Kariye Museum, also known as Chora Church, contains some of Istanbul's finest Byzantine frescos and mosaics. The 11th-century building in Edirnekapi has remarkable scenes depicting 14th-century Christian iconography, which was later covered over when the church became a mosque.
No building can survive for 2000 years without undergoing modifications. Some of the most calamitous came with the Crusaders, who seriously damaged the church with their plundering. Then in 1511, the Grand Vizier of Sultan Beyazit II transformed the church into a mosque, adding a minaret and whitewashing a few of the frescos. It is perhaps testament to the beauty of the mosaics that they were barely touched by the Muslim conquerors. In 1945, the mosque became a museum.
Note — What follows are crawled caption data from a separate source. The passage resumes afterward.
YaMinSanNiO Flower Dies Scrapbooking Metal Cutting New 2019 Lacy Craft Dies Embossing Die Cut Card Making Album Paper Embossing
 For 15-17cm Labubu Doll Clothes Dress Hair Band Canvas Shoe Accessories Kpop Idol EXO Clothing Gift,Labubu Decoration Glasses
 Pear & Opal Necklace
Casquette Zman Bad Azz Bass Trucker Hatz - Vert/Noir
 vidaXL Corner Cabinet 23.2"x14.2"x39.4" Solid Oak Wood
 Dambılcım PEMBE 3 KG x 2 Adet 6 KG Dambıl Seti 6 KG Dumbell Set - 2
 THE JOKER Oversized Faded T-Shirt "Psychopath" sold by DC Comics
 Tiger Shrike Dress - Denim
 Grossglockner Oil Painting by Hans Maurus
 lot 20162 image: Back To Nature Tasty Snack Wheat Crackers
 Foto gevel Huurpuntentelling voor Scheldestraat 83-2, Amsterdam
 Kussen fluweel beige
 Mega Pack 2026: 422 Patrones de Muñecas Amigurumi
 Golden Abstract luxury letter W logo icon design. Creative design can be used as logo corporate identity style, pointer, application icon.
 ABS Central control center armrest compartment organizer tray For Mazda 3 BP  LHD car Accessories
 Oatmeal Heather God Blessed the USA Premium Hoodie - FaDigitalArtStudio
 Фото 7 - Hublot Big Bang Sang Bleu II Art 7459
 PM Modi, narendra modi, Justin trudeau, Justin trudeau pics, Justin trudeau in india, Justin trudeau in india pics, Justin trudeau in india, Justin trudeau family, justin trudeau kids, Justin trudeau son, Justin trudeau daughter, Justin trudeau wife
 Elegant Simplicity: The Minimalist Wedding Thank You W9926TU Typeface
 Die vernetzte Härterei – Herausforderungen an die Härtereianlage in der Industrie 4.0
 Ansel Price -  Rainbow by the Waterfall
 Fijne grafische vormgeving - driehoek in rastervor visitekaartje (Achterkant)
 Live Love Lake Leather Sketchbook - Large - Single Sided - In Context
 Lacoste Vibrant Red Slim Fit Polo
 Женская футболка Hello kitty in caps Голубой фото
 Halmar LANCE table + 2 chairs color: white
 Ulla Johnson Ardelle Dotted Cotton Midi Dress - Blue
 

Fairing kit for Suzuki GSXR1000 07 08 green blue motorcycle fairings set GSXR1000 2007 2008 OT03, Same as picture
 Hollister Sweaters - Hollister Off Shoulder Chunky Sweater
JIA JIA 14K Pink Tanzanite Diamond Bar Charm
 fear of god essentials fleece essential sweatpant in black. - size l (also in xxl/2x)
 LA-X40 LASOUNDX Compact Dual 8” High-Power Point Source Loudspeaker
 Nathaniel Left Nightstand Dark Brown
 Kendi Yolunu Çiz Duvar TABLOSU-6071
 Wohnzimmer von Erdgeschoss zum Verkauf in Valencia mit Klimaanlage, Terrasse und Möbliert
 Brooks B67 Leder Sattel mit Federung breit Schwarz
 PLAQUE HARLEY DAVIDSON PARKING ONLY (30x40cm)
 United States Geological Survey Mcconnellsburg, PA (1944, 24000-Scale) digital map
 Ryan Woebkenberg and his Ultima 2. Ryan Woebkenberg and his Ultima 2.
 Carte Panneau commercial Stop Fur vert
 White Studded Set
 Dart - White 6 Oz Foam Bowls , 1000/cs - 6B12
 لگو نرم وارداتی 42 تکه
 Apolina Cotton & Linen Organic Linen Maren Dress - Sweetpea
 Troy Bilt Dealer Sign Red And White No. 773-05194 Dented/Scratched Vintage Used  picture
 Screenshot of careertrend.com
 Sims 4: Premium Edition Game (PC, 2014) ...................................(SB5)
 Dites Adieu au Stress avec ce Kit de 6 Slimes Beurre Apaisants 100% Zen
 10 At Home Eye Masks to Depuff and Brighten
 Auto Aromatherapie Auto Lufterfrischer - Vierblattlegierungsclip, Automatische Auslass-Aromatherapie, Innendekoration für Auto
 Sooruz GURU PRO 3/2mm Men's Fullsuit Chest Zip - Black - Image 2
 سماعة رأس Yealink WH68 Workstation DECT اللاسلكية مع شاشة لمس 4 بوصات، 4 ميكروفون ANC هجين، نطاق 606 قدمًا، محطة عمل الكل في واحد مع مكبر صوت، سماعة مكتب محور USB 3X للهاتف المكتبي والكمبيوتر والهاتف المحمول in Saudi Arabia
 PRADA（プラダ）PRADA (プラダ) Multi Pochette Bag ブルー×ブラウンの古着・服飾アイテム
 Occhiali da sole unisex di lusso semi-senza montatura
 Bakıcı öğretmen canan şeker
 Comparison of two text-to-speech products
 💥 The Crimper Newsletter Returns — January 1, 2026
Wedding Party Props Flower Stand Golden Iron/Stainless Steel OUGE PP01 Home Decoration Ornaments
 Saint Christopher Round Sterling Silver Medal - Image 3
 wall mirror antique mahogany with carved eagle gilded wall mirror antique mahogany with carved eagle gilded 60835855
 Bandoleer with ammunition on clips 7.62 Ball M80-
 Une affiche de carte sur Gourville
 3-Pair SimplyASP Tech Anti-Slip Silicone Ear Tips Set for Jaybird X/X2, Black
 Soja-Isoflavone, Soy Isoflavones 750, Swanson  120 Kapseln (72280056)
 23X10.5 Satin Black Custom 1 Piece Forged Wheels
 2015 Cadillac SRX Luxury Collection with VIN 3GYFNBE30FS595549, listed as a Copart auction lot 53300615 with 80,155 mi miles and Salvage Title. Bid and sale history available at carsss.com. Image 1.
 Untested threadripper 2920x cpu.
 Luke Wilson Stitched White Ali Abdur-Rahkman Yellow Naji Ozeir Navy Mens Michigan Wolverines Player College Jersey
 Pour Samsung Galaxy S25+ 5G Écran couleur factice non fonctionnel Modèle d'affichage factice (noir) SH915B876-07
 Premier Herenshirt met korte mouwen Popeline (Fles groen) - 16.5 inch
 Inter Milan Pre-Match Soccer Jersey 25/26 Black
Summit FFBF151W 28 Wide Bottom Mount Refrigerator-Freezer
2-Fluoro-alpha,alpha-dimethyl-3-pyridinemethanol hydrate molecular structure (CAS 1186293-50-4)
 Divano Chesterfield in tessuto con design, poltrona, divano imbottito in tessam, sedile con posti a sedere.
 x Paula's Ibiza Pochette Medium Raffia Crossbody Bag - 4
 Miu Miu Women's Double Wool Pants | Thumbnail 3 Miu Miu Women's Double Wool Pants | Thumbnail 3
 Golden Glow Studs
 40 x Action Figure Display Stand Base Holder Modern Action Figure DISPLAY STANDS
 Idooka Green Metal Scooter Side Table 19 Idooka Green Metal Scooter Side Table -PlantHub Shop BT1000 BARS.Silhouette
The interior's richness is hidden by the Chora's plain brick facade. But once inside the impression created by the glittering walls, domes and vault arches is stupendous. The life of Mary the Virgin, the birth and childhood of Jesus, his miracles, his Crucifixion and a rendition of the Last Judgement are depicted in mosaic and frescos. Look out for The Revival, a masterpiece of the medieval age, as well as the portraits of Saints Andronicus, Trachus, Peter and Paul.
Also of note is the depiction of the Healing of the Leper in the western part of the inner narthex. The similarity between this portrayal and the identical scene at the Romanesque Monreale Cathedral in Sicily is very striking and suggests the artistic tradition which gave rise to these mosaics was also adhered to there.